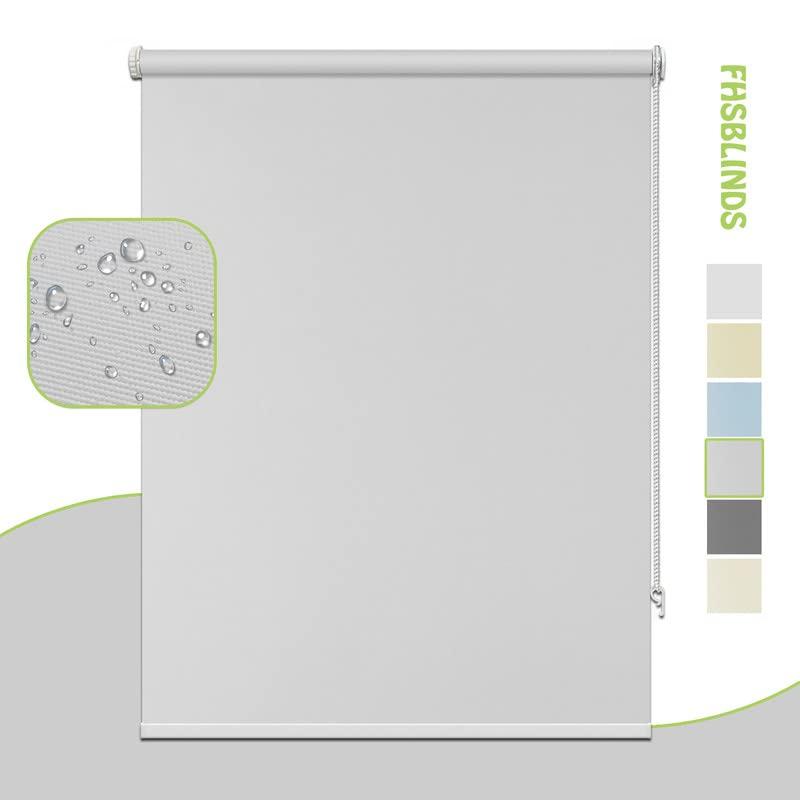 fhsblinds FHSBLINDS No Drill No Tool Blackout Blinds for Windows Roller Window Shades-Custom Cut to Size Window Blinds & Shades for Home Kitchen Bedroom Office (Cool Silver 100% Blackout, 21" W x 80" H)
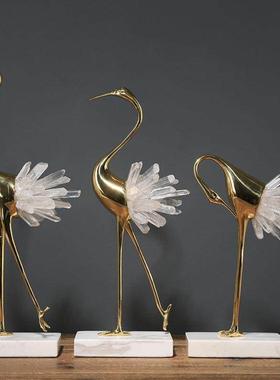 纯铜轻奢水晶仙鹤摆件样板房客厅电视柜桌面玄关摆设家居装饰品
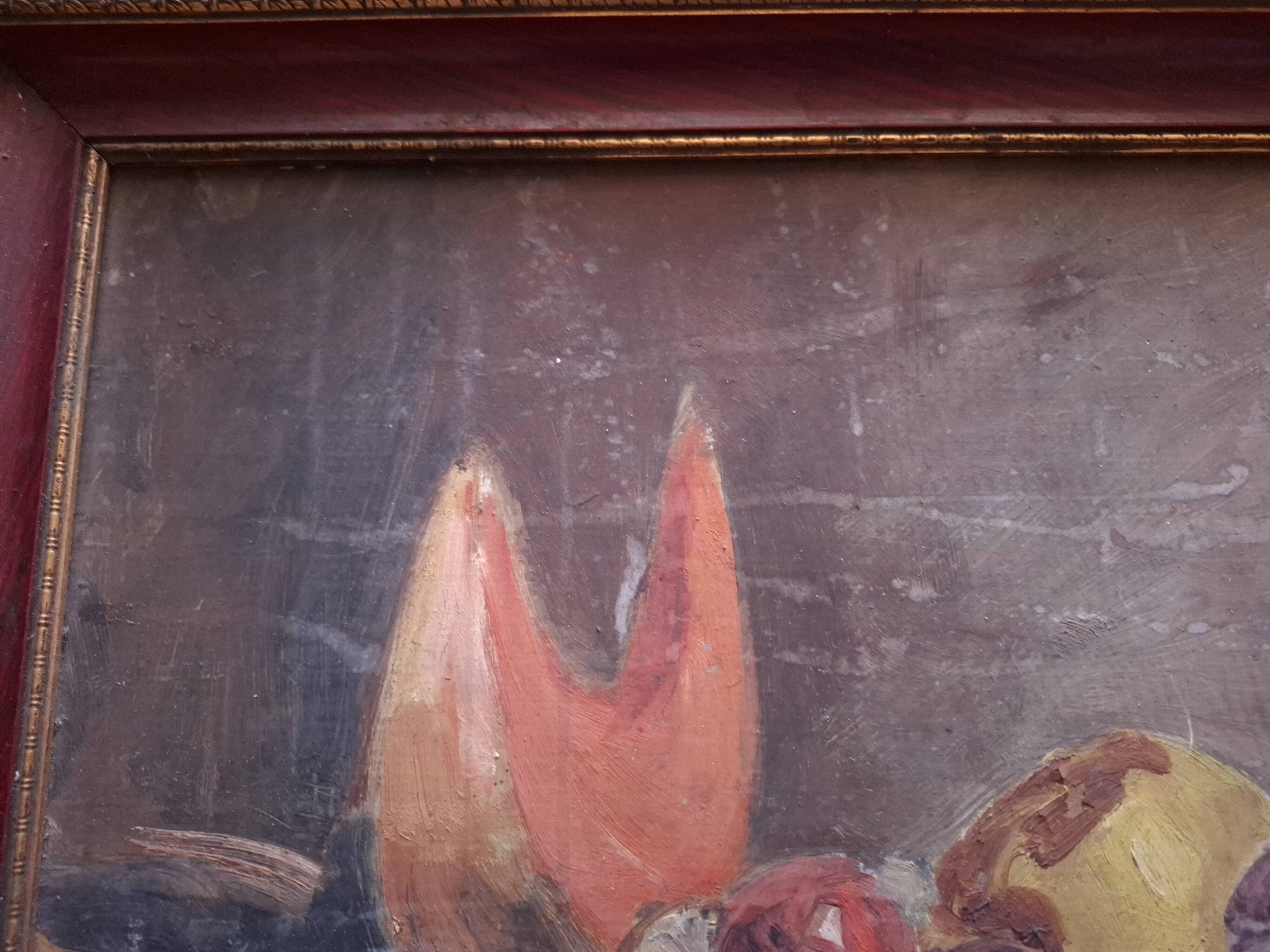 Tableau , huile sur carton  , nature morte coupe de fruit signée Bello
+-------+
*Problem to work on*.
Without any pictures, return the material above exactly.

*Task response*.
 fhsblinds FHSBLINDS No Drill No Tool Blackout Blinds for Windows Roller Window Shades-Custom Cut to Size Window Blinds & Shades for Home Kitchen Bedroom Office (Cool Silver 100% Blackout, 21" W x 80" H)
 纯铜轻奢水晶仙鹤摆件样板房客厅电视柜桌面玄关摆设家居装饰品
 Tableau , huile sur carton  , nature morte coupe de fruit signée Bello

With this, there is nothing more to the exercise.